Kristen Marschall

A year ago, Anne Giapapas didn’t know how to “Experience ASI,” but she was listening to what students had to say and with their support, she is running for ASI president. A senior recreation administration senior, Giapapas strives to make the campus safer in the absence of Safe Ride and be not only a new face in ASI, but a recognizable face that all students see regularly.

Mustang Daily: Why are you running?

Anne Giapapas: I haven’t been involved with ASI and after seeing that not many of the students cared about who was running, there was never much student involvement, I never heard my friends talk about ASI ” I just heard complaints about different things they wanted to see.

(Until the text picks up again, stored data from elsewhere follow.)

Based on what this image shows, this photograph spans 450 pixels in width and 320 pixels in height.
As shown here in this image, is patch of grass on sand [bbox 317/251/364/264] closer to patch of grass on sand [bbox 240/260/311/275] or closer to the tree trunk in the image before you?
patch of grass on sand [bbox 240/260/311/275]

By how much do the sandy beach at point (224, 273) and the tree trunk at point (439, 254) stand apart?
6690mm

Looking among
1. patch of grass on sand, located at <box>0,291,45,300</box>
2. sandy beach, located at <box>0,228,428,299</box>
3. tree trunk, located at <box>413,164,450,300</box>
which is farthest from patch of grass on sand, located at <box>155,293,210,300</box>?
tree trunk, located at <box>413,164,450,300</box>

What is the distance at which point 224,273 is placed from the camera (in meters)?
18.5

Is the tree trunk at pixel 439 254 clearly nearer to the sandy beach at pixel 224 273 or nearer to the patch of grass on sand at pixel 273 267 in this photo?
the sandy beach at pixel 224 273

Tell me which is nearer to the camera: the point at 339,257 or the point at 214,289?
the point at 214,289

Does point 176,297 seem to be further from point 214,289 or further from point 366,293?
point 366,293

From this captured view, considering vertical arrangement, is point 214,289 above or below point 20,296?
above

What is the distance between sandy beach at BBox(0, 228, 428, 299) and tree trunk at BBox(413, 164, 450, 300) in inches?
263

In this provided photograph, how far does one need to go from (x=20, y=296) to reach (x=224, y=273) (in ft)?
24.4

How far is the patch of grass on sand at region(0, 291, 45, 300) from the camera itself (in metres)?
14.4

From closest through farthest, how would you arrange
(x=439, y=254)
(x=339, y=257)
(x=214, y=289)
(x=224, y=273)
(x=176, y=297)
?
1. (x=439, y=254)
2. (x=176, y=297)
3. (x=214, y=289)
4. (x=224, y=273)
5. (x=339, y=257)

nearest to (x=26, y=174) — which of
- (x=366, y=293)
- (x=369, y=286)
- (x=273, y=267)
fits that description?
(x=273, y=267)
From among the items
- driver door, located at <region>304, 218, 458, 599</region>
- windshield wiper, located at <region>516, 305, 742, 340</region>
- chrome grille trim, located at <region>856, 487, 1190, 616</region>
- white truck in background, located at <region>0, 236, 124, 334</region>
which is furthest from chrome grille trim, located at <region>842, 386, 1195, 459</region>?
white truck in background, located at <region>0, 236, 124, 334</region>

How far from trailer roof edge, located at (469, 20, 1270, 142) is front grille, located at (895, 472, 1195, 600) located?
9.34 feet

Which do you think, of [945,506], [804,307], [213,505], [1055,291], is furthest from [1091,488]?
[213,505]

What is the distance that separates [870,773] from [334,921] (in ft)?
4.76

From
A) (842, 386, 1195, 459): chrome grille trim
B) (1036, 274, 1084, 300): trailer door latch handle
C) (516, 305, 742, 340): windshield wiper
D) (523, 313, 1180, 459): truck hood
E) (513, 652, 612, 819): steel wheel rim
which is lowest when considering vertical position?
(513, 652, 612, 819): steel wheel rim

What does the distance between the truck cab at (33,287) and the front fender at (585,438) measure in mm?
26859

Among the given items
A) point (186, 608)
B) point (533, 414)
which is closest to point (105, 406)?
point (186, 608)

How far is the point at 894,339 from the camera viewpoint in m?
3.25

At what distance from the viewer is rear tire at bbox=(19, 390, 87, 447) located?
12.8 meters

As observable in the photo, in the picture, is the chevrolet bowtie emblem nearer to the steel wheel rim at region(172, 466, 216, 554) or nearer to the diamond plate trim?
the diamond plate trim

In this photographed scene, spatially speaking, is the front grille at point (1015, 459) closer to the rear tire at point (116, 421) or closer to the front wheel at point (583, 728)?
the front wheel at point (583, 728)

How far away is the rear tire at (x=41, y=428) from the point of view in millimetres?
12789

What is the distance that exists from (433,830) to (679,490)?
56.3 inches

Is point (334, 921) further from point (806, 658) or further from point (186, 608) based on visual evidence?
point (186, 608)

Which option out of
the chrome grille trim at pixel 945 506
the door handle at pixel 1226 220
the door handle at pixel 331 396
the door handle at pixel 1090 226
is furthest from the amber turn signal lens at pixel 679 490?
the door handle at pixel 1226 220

If you’re going to complain about it, why not actually go talk to somebody and try to make a difference? … I thought, “Yeah, actually I’d like to make my mark on this school.”

MD: How are you involved on campus?

AG: I’m still majorly involved with the recreation program – I am a part of the recreation RAM club and then also this year started doing fund-raising events through my major. – Other than that, I’ve been more of an involvement off campus, I wanted to make sure that I was pretty well-rounded and that I had a lot of different specific jobs. A lot of them have been managerial jobs, which I think will be great if I do come into office to basically run the board and to share my experiences.

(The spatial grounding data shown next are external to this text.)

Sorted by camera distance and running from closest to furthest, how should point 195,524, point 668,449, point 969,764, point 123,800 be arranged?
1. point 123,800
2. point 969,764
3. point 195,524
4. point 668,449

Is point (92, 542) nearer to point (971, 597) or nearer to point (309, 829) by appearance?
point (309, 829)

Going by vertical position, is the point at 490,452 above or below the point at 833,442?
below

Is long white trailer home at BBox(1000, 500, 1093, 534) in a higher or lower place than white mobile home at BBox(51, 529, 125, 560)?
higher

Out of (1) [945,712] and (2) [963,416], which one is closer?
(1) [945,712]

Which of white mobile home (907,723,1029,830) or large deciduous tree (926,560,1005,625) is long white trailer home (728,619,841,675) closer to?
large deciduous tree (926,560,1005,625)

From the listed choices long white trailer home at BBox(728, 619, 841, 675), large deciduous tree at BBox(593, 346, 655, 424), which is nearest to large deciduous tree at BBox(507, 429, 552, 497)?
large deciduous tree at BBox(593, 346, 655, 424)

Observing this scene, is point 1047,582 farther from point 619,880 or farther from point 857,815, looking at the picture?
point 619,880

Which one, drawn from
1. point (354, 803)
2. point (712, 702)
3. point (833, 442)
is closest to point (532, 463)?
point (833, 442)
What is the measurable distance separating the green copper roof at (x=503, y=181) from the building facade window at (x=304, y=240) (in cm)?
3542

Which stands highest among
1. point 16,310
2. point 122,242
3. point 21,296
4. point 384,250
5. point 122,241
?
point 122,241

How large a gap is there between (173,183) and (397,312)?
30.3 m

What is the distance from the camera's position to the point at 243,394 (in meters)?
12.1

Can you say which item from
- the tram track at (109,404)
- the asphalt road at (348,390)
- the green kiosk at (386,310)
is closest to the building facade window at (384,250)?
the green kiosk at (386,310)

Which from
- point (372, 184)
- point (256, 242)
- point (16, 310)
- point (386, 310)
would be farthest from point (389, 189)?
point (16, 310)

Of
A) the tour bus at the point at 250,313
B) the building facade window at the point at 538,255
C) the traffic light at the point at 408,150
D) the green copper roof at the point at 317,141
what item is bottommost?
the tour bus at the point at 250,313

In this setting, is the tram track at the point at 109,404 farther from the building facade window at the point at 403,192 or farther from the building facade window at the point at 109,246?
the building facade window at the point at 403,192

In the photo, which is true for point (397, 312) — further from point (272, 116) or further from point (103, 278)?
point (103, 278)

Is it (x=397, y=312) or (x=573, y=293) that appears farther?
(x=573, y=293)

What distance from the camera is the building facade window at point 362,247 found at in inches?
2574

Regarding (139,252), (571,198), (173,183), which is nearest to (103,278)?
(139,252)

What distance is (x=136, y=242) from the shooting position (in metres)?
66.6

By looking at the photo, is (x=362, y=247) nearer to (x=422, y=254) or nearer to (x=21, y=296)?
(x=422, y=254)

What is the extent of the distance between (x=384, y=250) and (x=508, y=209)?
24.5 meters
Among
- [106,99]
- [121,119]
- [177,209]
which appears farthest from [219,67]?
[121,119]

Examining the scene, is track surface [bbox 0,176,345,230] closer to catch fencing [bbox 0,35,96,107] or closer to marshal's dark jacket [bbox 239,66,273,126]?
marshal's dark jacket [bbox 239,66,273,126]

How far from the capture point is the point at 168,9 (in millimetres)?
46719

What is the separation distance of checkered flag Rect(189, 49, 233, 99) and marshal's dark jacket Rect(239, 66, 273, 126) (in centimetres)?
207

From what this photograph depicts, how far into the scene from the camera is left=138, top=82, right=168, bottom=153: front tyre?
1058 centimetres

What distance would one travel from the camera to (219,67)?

MD: Transportation is one of your big topics – how would you address the issue of Safe Ride?

AG: I want to make sure that as soon as I’m into office that I’m addressing that problem mostly because Safe Ride was cancelled so I want to extend the hours of the escort van. I want it to be out in front of the major bars every half an hour so you know when you get out, if someone needs to get home, they’re going to get home safely.

MD: What are your strengths and weaknesses and how would you address them as president?

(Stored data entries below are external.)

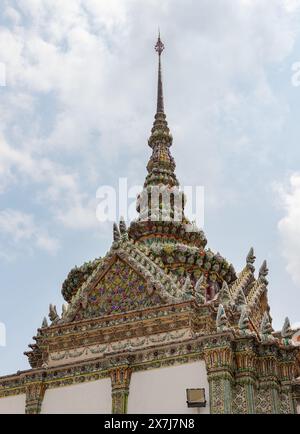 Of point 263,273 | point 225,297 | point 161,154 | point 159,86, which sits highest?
point 159,86

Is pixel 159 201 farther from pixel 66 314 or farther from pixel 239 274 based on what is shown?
pixel 66 314

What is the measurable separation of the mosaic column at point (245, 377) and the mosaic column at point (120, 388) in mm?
2594

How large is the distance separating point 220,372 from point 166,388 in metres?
1.40

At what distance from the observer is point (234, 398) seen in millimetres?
18359

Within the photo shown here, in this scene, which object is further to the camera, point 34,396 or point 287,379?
point 34,396

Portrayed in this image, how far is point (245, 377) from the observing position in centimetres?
1853

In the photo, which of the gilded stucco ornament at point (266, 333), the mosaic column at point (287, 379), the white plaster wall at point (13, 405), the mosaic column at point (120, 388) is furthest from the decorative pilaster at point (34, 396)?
the mosaic column at point (287, 379)

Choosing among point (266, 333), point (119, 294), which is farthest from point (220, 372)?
point (119, 294)

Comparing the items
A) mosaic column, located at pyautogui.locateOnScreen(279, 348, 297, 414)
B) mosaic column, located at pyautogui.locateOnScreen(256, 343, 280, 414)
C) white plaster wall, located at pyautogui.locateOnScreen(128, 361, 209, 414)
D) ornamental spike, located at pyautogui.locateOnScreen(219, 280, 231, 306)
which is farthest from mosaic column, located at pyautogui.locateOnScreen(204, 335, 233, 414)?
ornamental spike, located at pyautogui.locateOnScreen(219, 280, 231, 306)

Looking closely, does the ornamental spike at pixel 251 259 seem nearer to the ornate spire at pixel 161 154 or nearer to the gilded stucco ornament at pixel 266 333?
the ornate spire at pixel 161 154

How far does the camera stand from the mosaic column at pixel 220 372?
→ 58.5 ft

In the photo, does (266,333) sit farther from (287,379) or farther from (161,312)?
(161,312)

AG: My strengths are that I happen to be a good people-person, I have great people skills and I tend to be a good speaker. I’m quick on my feet and I know when I have a problem, I know who to go to for help. – Some of my weaknesses: I don’t know everybody in ASI, I don’t know the specific issues that they’ve been talking about in the executive board meetings. I’ve been going to the board meetings, I’ve been finding out as much as I can.

MD: If you’re elected, how will you deal with Mardi Gras?

AG: I’m definitely proud of what Tylor and past presidents have done – there needed to be an end and they worked with the city even though the city spent way too much of our taxpayers’ money. – I think that it’s been two years now and you can see that people are scared to go out of their houses on Mardi Gras weekend – and I think that students have lost that sense of tradition that was here at Cal Poly with Mardi Gras. – But I think that we do deserve a second chance and – what if ASI presents an event that saves the tradition – a dry event. People could start coming onto campus in costume and have this small parade that’s responsible and secure. – So by showing them another opportunity, another side where they can come in and play it safe, I think the police might support that and they might want to be at that event – if the community works together with the Cal Poly community, that we could really make things happen, that we could change it for the better and not spend as much money.

MD: Where did your slogan come from and what does it mean?

AG: When I said I was running for office, someone told me that most people are going to see you as a little sorority girl running for office. And that really upset me, one for the fact that are you saying a sorority girl wouldn’t be a great candidate for president? And two, because it seemed anti-feminist to me – “Anne’s the man” has been showing I’m a girl but I can do the job, I can be the man, I can wear the pants, so it’s Anne’s the Man. – And then there have been the comments from Todd’s supporters saying “Don’t be confused, Todd’s the man.” And I want to make sure that people know that a woman can be in power, that a woman can do the job.

MD: What has some of your positive feedback been so far?

AG: I’m bringing a new group of people to ASI, people that normally wouldn’t be at the debates have started coming and I’ve started getting e-mails saying, “I wasn’t going to vote this year, but I believe in you.” – I’ve been getting a lot of good feedback from the people that normally don’t vote, that 83 percent of the population that didn’t vote in an election last year. It’s not saying that’s my target market, but I want to make sure I’m getting everybody involved, that’s what I’m trying to run for: student involvement in ASI, to know that there are opportunities.

MD: You say you have no interest in politics, so why ASI?

AG: I chose ASI because I want to be a student’s voice. I don’t want to be my own voice, I don’t want to listen to myself try and jumpstart a political career. I’m here because people want me to be here and I think that I would have a really good effect on what the good points of ASI are now, I think I could really have the potential to make them better … I don’t want to go the government route; I’m much more of a people person – Right now I don’t have the love for that, I have the love more for the people.

MD:The president’s job is to represent the students of Cal Poly – would you represent them in a different way than this year?

AG: I think yes. I think for the last three years we’ve had an engineer as president, I believe that I know people from every college and that I would be very well-rounded and equally represent students. – I think that as a president I would stand out a little bit more than Tylor just because I have more of a broad understanding of students. Instead of working with ASI for the last three years, I’ve been with the students, acting with them as a member of an intramural sports team or part-time work … I think I bring the average voice. I’m more of a wealth of information rather than narrowly ASI.